“Mrs. Mason,” said Elsie, “you make a mistake if you think I have any longing for the mere name of lady. I believe I could be your cook all my days and yet make myself worthy of the character and appellation. It is not what one does so much as in the manner of doing it that lies the distinction, and I have as natural a longing for all things noble and beautiful as the flowers have for the sun, and just as good a right to reach for them.”

“Certainly,” assented Mrs. Mason; “but with such surroundings you haven’t a very hopeful chance of obtaining them. Your life is not a very happy one.”

“Yes, it is,” replied Elsie stoutly, “because I make it so. I wouldn’t change places with the richest woman in this city, if by so doing I had to lose the dear hopes and sympathies for every day living that make even our misfortunes bearable. O Mrs. Mason, before the fire and Margaret’s sickness, nothing could have exceeded the daily delight of our lives, even with all their hard work and privation. Something to believe in, some hope for humanity, some trifle in word or deed for each other—why, it seemed like a foretaste of heaven. And now—well—” she went on, choking back the sobs, “it is a delight to me to know that my earnings have placed my brother Gilbert in the manual-training school, and are helping Margaret, Lizzette, and Antoine in numerous ways. I don’t want anything in this world, but just to grow into light and life with the dear ones I love and who love me.”

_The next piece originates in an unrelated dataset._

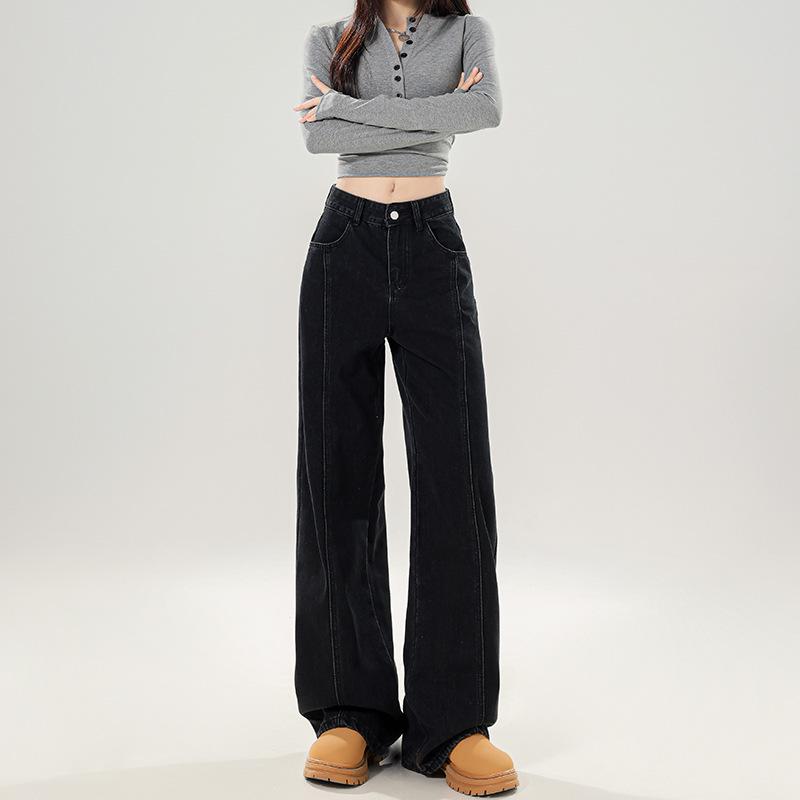 

Spring 2025 Women s Korean Style High-Waist Black Wide-Leg Jeans - Casual, Flattering, Straight, and Loose Floor-Length Fit. L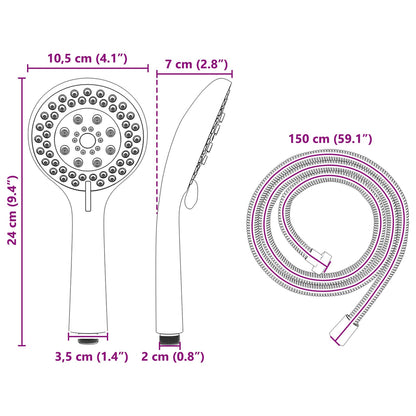 Shower Head Set Chrome 150 cm Stainless Steel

Mrs. Mason did an unprecedented thing for her. She clasped one of Elsie’s hands in her own, and said with a little break in her voice: “My dear child, you must promise to forget my severity, and take me at my word when I tell you to use the piano as often as you find the coast clear, and also to help yourself to what books you like in the library. I shall never speak a harsh word to you again.”

“Don’t say that,” exclaimed Elsie quickly. “I may need a good many.”

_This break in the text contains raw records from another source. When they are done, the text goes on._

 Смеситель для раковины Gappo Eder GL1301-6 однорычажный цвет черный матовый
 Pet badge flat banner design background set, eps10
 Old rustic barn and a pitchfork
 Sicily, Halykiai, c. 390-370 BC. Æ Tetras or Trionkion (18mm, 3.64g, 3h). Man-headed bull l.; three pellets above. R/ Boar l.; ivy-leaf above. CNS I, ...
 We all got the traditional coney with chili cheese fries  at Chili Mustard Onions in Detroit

“Well, the compact stands until you do need them.”

Two hours later, having seen the carriage drive from the door, and supposing the house empty with the exception of James, who was dozing in his pantry off the dining-room, Elsie came softly down the stairs to the front drawing-room. She had taken off cap, kerchief, and apron, and wore only a dark cloth dress with a little knot of bright red silk at the throat. With childish curiosity she investigated everything in the handsome room, pausing longest before a Carrara marble statuette of Cupid and Psyche and talking aloud with all the abandon of a child.

“So that face of Psyche’s was the best the sculptor could do to represent the soul. I should call it rather the absence of soul; but then I’m a Philistine, and lack culture; and as for Cupid, if the blind god is no fairer than he is painted—I should say carved—he wouldn’t stand much chance of awaking immortality in me. I don’t believe I’ve got a bit of poetry in me, anyhow; I’m so inclined to laugh at sentiment, or sentimentality—it all amounts to the same thing. In either event, I suppose it shows that ‘Elsie the cook’ is made of coarser clay than those who find beauty in unmeaning faces. But I forget. ‘Elsie the cook’ has gone away, and Elsie the lady has come to stay.”

A low ripple of laughter broke from her lips over the unintentional couplet. “A poet, after all! I guess, as they say below stairs, I’ll throw up my job and get a quill and ink-stand.”

At this juncture, a gentleman who had been stretched at full length upon a couch within a curtained alcove at the further end of the library, closed the book he had been reading, and shoving the curtain aside for an inch or two, gazed into the drawing-room through the half-open door. It chanced that the wide pier-glass was so situated that nearly the whole interior of the drawing-room was visible to the occupant of the alcove, and a half-smile gleamed beneath the curled blonde mustache as he listened to Elsie’s amusing comments.